An open-source evangelist, Phatak, head of Kanwal Rekhi School of Information Technology, IIT Bombay, has inspired and helped an entire generation of youngsters morph into thought leaders. One of the most respected teachers, Phatak is always surrounded by his students and has made computer science a much sought-after stream not just at IIT but at other Indian universities as well. To reach out to a larger student universe including rural India, Phatak started Eklavya, an online distance-learning program for the IITs.As a journalist working for Prof. Phatak, I used to interact often with him because he is one of those rare people loved by journalists for his ability to come up with quotable quotes for any occasion. Later, I worked with him to put together the ekalavya/Red Hat Scholarships program. Prof. Phatak passionately believes that open source can help India as a country and that it offers great benefits for Indian education in particular. It is therefore apt that IIT Bombay is leading a project that aims at Adoption of Open Source Software in Science and Engineering Education under the National Mission on Education through ICT project of the Ministry for Human Resources Development.

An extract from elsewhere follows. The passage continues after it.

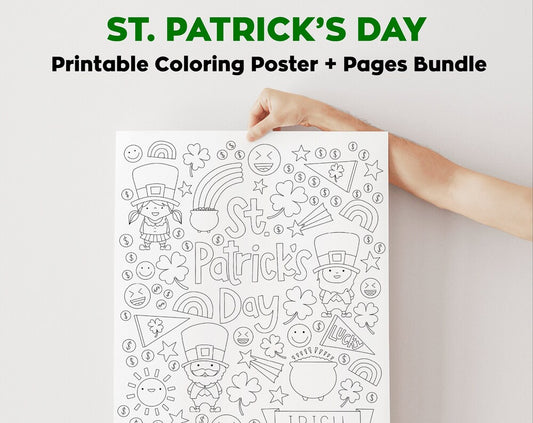 St Patrick's Day Coloring Pages Poster Bundle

Several generations of India's IT leaders have learnt under the tutelage of Prof. Phatak who is a very popular figure in the IIT Bombay campus. Despite his accomplishments, he retains a child-like curiosity and enthusiasm for new ideas and projects. One of the most entrepreneurial professors in India, he has tremendous stamina for work. He is an inspiring speaker and I once heard him address a group of sales and support staff and he was able to captivate them from the word go and talk to each of these groups in their own language.
Once, while he was addressing the Mumbai GNU/Linux User Group I noticed that his belt had a prominent Playboy logo on it. Imagine that, an IIT Bombay professor wearing a Playboy belt. When I pointed this out to him, he nonchalantly replied that the belt belonged to his son who forgot to pack it while leaving. One of his students told me this gem called "Phatak's leaky stack algorithm" and those who have been part of the professor's round table discussions will vouch for its truth. The algorithm goes thus. The first person to enter Prof. Phatak's room gets a slice of his attention. The next person to enter gets another slice and so on and so forth. Since people are always walking in and out of Prof. Phatak's room, the first person (now firmly at the bottom of the stack) finally gets up and leaves.
At the age of 61, Prof. Phatak retains a mischevious glint in his eye, a quality that he shares with another Prof. Isaac, another IIT professor legendary for his absent-mindedness. If you have got tales of Prof. Isaac or Prof. Phatak to share, please post them in the comments. I'd love to hear them.
Prof. Phatak is also an intensely patriotic person. On his web site he says:
Dr. Phatak's dream is to see a resurgent India catching up with the world using Information Technology as the spring board. He hopes to make IT work for the millions of Indians so as to enable them to lead an honorable, comfortable and peaceful life full of love and harmony.Those who followed the OOXML saga know how upset he was with Microsoft for the extent to which they stooped in their efforts to get India's No vote on OOXML overturned.
Over the last 18 years in the IT industry, it has been my privilige to meet and work with several wonderful human beings and Prof. Phatak is right there at the top of that list.